§ **What you have to do**
Only one portion of the data is to be written out: from the line bearing "Impresora Hp Laserjet" through the line bearing "1 - Coussin". Write it exactly as it appears.

§ **Provided data**

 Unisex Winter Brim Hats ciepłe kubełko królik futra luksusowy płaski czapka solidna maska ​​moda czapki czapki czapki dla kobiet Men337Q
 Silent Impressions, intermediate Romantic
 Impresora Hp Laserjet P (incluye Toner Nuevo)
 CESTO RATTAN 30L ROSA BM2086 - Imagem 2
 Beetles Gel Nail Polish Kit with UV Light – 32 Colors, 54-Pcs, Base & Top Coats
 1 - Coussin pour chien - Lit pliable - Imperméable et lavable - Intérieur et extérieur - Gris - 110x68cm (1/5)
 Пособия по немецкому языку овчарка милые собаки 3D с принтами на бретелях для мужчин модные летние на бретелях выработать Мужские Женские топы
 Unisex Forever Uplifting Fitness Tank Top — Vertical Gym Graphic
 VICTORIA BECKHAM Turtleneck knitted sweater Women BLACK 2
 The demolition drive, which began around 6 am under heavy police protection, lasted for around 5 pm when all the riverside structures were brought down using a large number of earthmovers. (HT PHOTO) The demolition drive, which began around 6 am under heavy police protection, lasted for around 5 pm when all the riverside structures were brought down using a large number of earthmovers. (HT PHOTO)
...
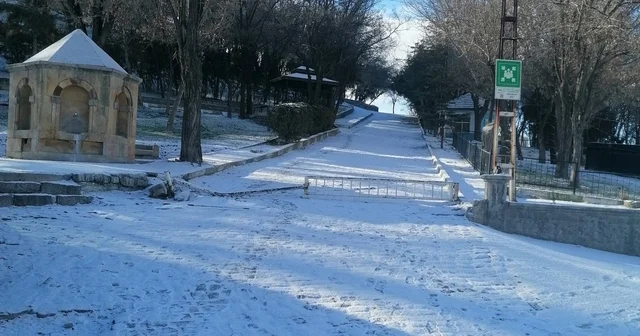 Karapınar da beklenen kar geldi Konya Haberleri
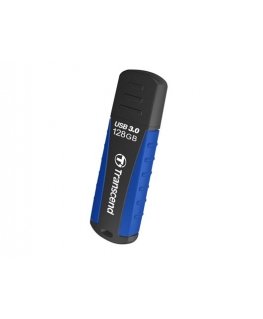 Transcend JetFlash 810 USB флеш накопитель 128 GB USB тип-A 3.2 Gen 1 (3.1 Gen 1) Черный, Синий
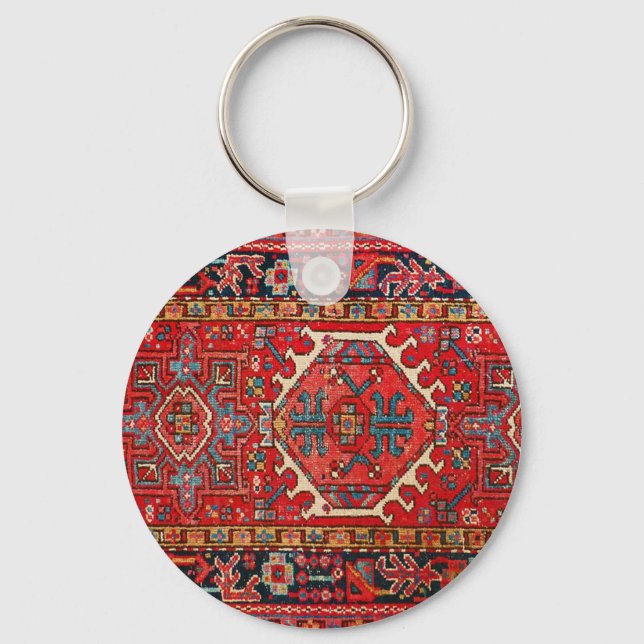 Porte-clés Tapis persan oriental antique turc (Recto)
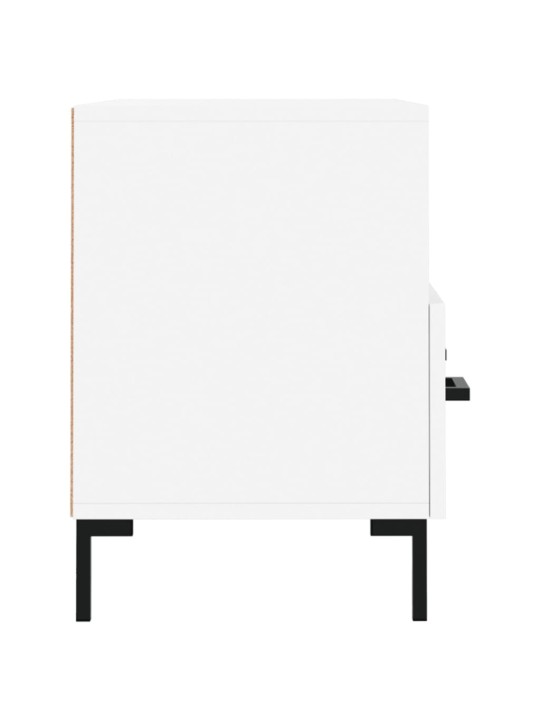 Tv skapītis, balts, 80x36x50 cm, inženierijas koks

§ **Worked solution**
 Impresora Hp Laserjet P (incluye Toner Nuevo)
 CESTO RATTAN 30L ROSA BM2086 - Imagem 2
 Beetles Gel Nail Polish Kit with UV Light – 32 Colors, 54-Pcs, Base & Top Coats
 1 - Coussin pour chien - Lit pliable - Imperméable et lavable - Intérieur et extérieur - Gris - 110x68cm (1/5)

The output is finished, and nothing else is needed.